Last but not least, the following graphs create a bigger picture between the trade-off of Sensitivity and Specificity so as to have a wider sense of the performance of the machine learning model. The AUC value, which stands for Area Under the Curve, is another validation value that was put for cross-reference with the Accuracy, Sensitivity and Specificity.

## ROC CURVE
predictions.bal <- prediction(pred.roc, responseTest)
roc.lasso <- performance(predictions.bal, measure = "tpr", x.measure = "fpr")

## AUC
mean.auc <- round(mean(auc.total),3)   ## AVEGRAGE AUC
sd.auc <- round(sd(auc.total),3)       ## STANDARD DEVIATION AUC

## ACCURACY CUT-OFF
perf.bal.ac <- performance(predictions.bal, "acc")
plot(perf.bal.ac)

## PLOT ROC CURVE AND AUC VALUE TO FURTHER VALIDATE THE MODEL
plot(roc.lasso, colorize = TRUE, ylab = "Sensitivity", xlab = "1 - Specificity", main = "ROC Curve - Logistic Regression with L1")
lines(c(0,1), c(0,1), col = "black", lty = 2)
legend(.6, .35, mean.auc, title = "AUC", cex = .8)
legend(.8, .35, sd.auc, title = "+- SD", cex = .8)

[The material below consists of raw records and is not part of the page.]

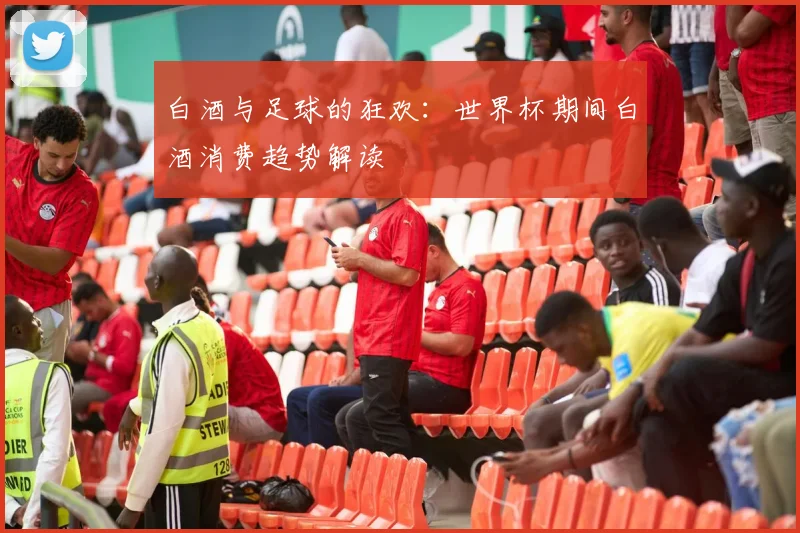 白酒与足球的狂欢：世界杯期间白酒消费趋势解读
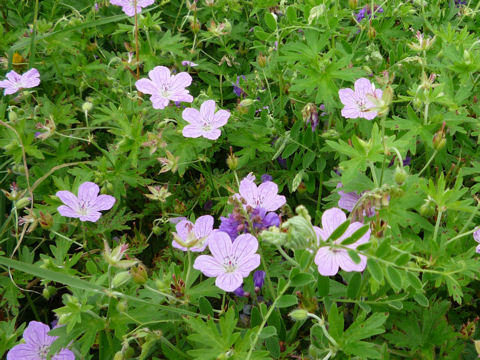 Geranium yesoense var. yesoense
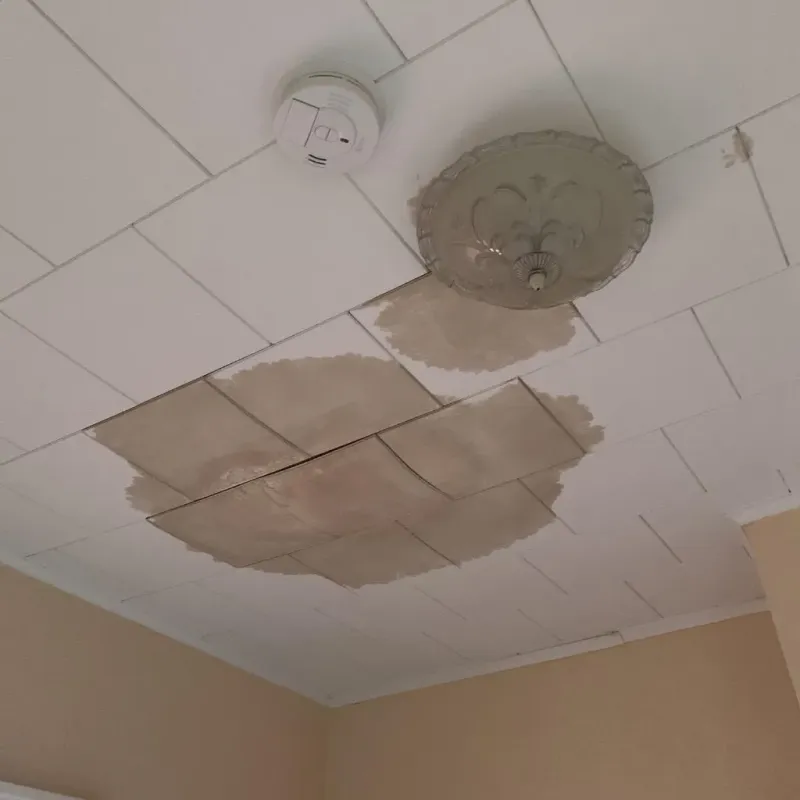 Ceiling Water Damage Repair in Powell, OH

Finally, it is of a great interest to see which variables show strong predictive power and towards what behaviour. For instance, knowing the segment of a specific customer, would it help in recommending a particular product or would that push the user to the opposite direction? The graph below shows the predictive power of each variable as it was captured by the model.

## STORE THE LASSO LOGISTIC REGRESSION COEFFICIENTS
tmp_coef <- coef(cv, s = "lambda.min")   # COEF OF LAMBDA MIN
coef <- data.frame(name = tmp_coef@Dimnames[[1]][tmp_coef@i + 1], coefficient = tmp_coef@x)
b_coef <- coef[order(coef[,2]),]

## VISUALISE THE COEFFICIENTS
ggplot(b_coef, aes(y = b_coef[,2], x = b_coef[,1], color = if_else(sign(b_coef[,2]) > 0, "Positive", "Negative"))) +
  geom_point(stat = "identity") +
  geom_segment(aes(y = 0, x = b_coef[,1], yend = b_coef[,2], xend = b_coef[,1])) +
  coord_flip() +
  theme(axis.title.x = element_blank(), axis.title.y = element_blank(), legend.title = element_blank()) +
  ggtitle("Coefficients Predictive Contribution")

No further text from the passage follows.